As children, we’re susceptible to many things around us: family, friends, television, schools, our neighborhoods; the list goes on. Anything is able to influence our character and perception. Unfortunately, media has done a good job of convincing our society that our darker skin tones, coarse hair texture, and curvy body frames were unattractive.
Think back to your childhood. I remember while growing up in the early 90s, the only televised princesses my friends and I could relate to were Princess Jasmine and Pocahontas, the only bronze-skinned, dark haired Disney characters for the next fifteen years. Unaware that those characters weren’t African American (but instead a cartoon depiction of a middle-eastern and a Native American), their straightened long hair was still an uncomfortable reminder that our hair wasn’t.
Over the past decade, society has shifted and trends have changed, in which more ethnicities of all shades and diverse hair textures are more acceptable to pop culture. The problem, however, is that those mentalities have not, especially those of young girls. Depression, eating-disorders and many other issues are still prominent amongst women.
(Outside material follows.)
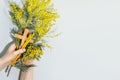 Womans hands hold wooden crucifixion, mimosa sprig and copy space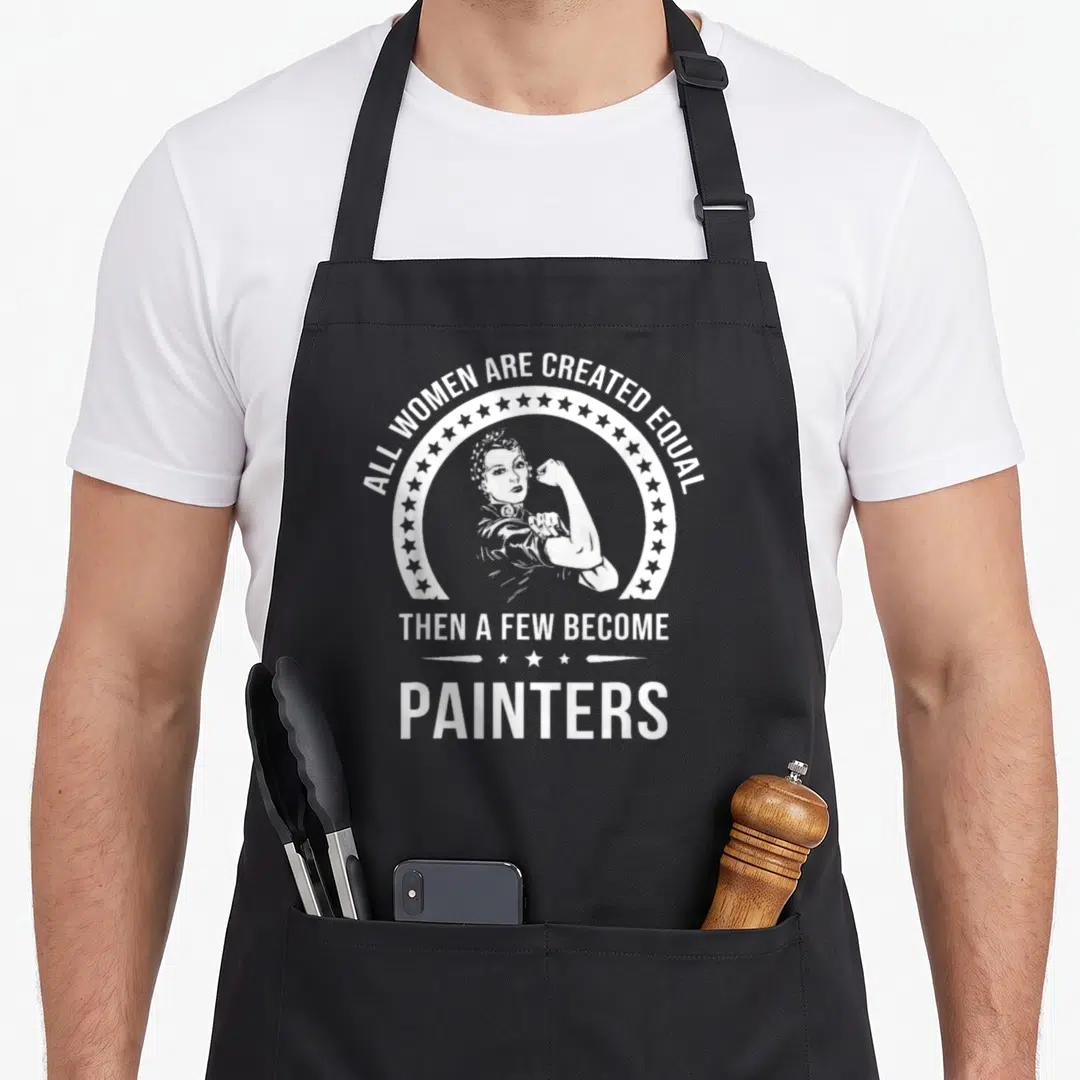 Funny painter apron - Retro woman flexing arm in star circle with white text about women becoming painters — shown on a black cotton canvas apron against a white background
Many current celebrities that young women idolize have had some form of plastic surgery or hyper-sexualized image. How do we protect children, especially our daughters, from feeling unattractive and unworthy?
We empower them. We can make it our job, as a mother, sister, aunt, friend- as a women in general, to uplift and encourage young women, especially women of color. For generations, we have become accustom to the world around us constantly degrading, mistreating and devaluing women. It’s time to instill thoughts of beauty, integrity, confidence, respect, and positive self-image into young women, from birth. Remind your daughter daily that she is loved, your sister that she is beautiful, your mother that she is strong, your friend that she is successful, and so on. Let’s renounce the stereotypical expectations and, instead, reaffirm our image as queens.